** DATA PROVIDED **
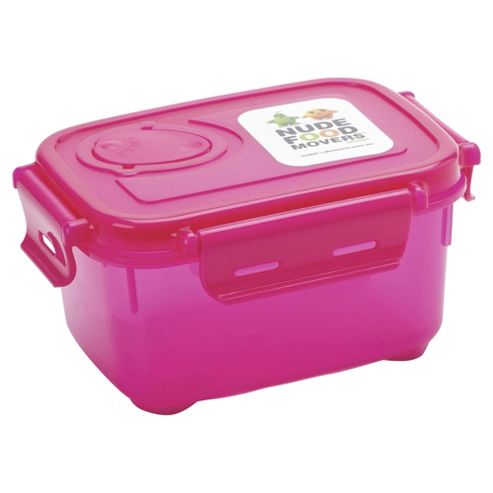 Image of Smash Snaptight 500ml Pink Food Container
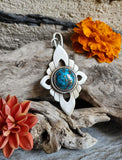 Pendentif turquoise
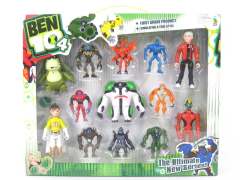 第5代BEN10公仔带灯光(13只庄)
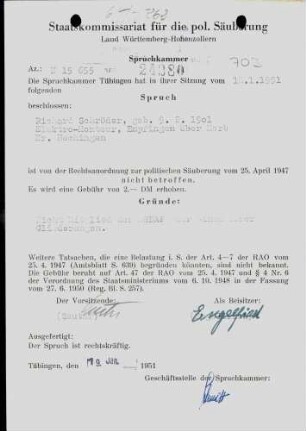Schröder, Richard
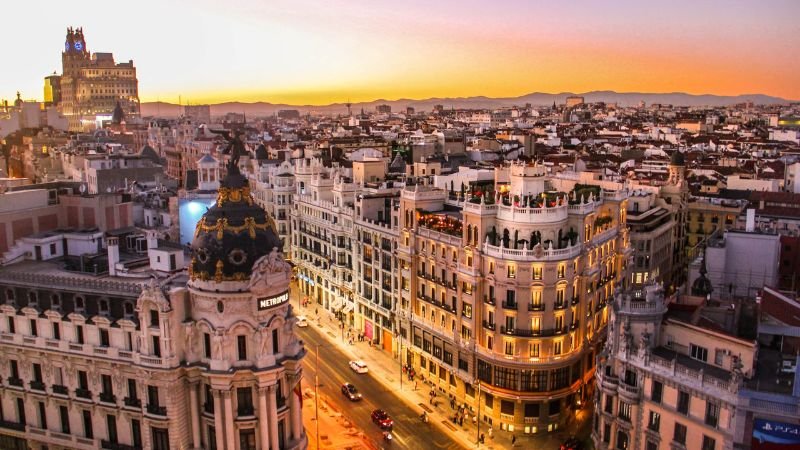 Air Canada Madrid Reservations Office in Spain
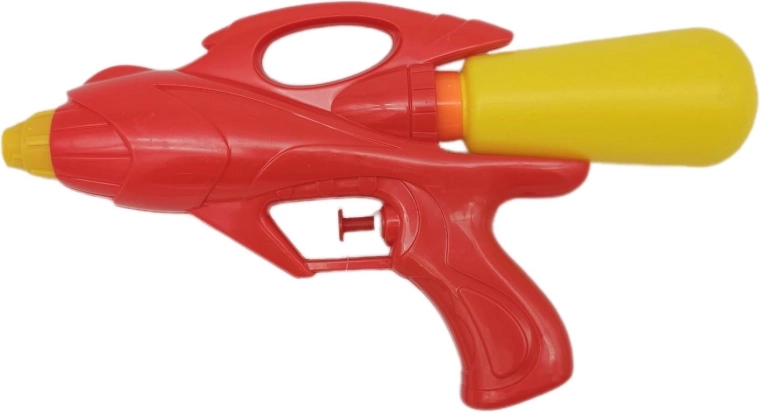 Vodná pištoľ 25 cm červená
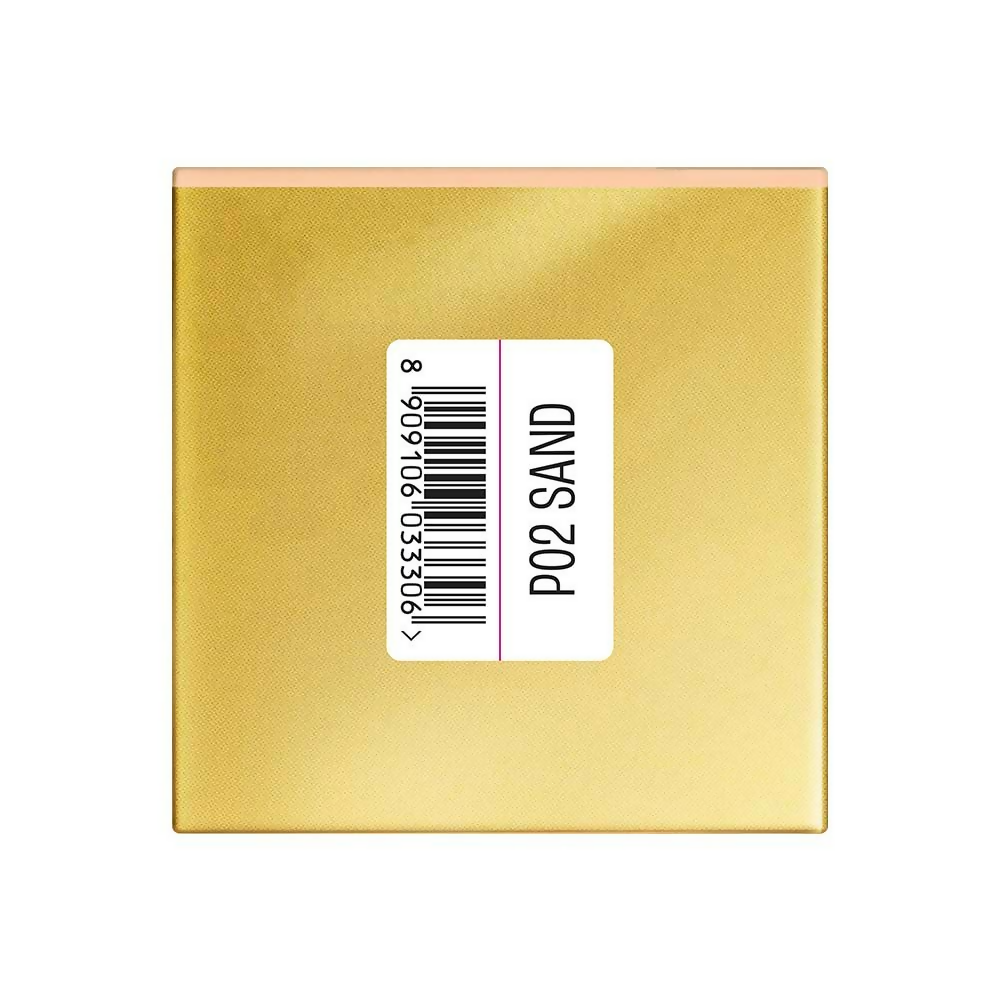 Lakme 9 To 5 Hya Matte Pressed Powder - Sand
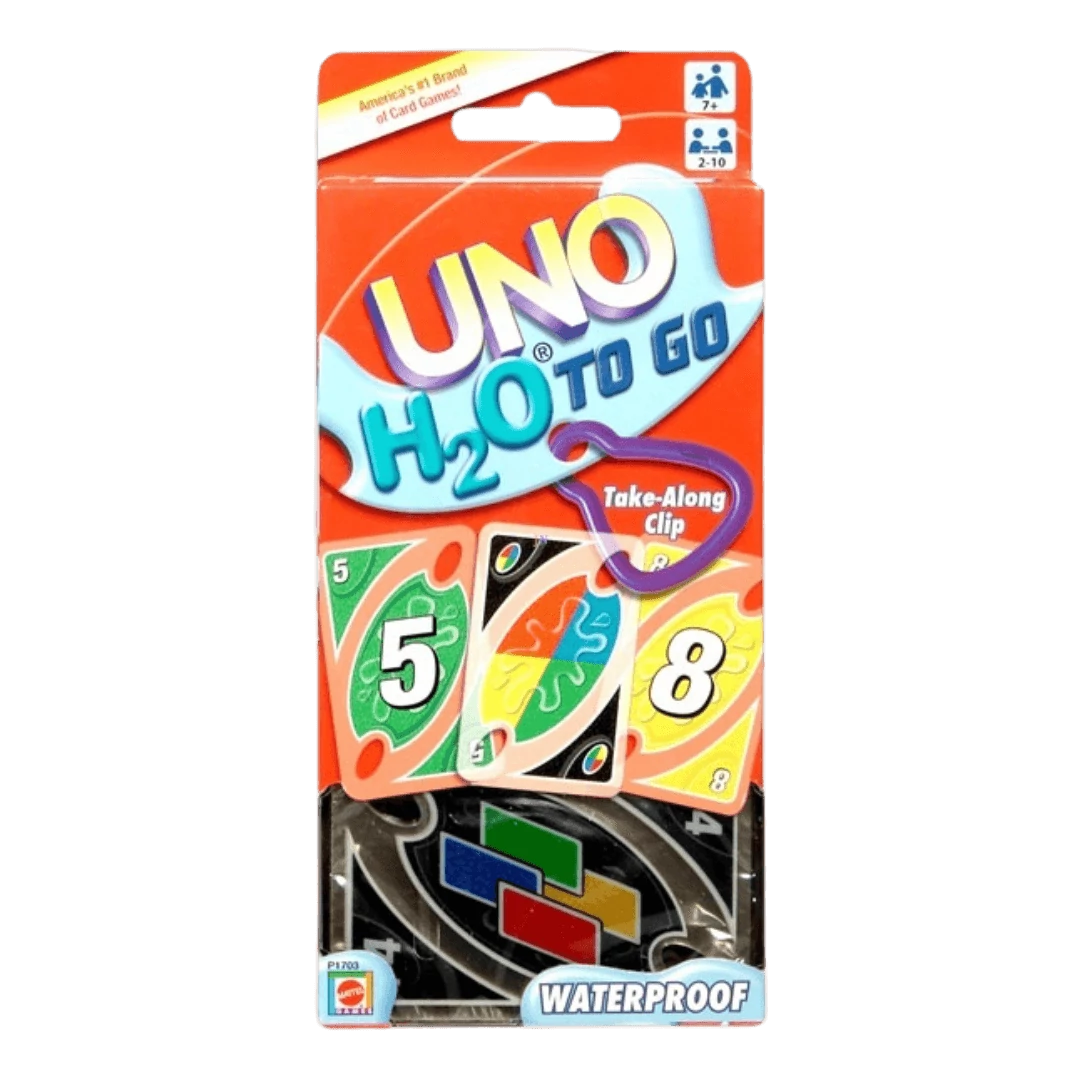 sticky Uno - H2O to go kártyajáték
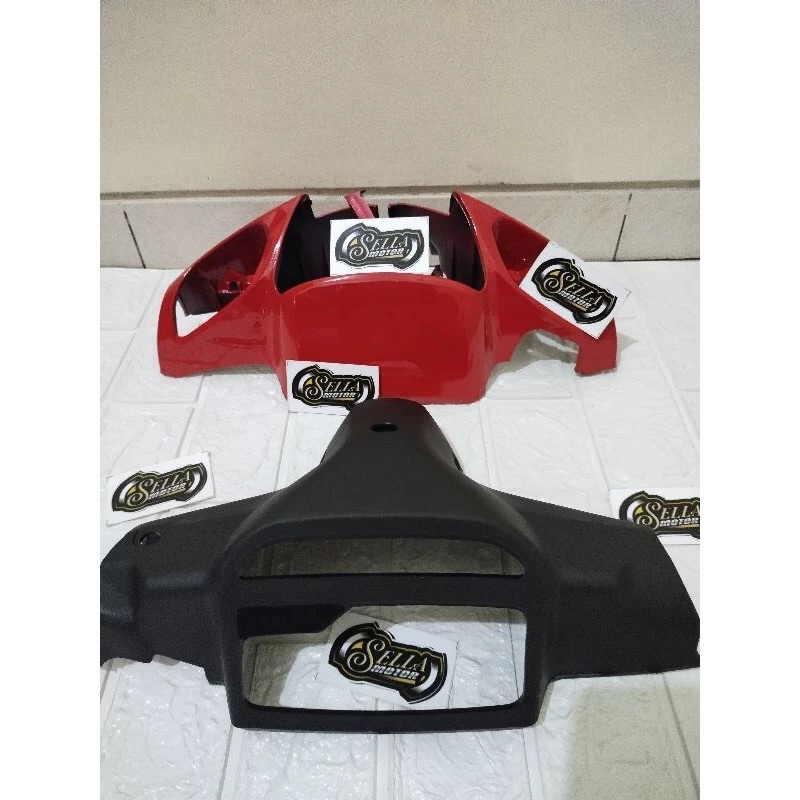 BATOK TOTOK DEPAN FIZ R fiz r fizr SET BATOK BELAKANG FIZR FIZ R WARNA MERAH SILVER BIRU KUNING HITA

** PROBLEM TO SOLVE **
Each line from the one with "Lakme 9 To 5 Hya Matte Pressed Powder - Sand" to the final line of the data above is to be printed exactly; no picture should appear in the copy.

** REPLY TO THE TASK **
 Lakme 9 To 5 Hya Matte Pressed Powder - Sand
 sticky Uno - H2O to go kártyajáték
 BATOK TOTOK DEPAN FIZ R fiz r fizr SET BATOK BELAKANG FIZR FIZ R WARNA MERAH SILVER BIRU KUNING HITA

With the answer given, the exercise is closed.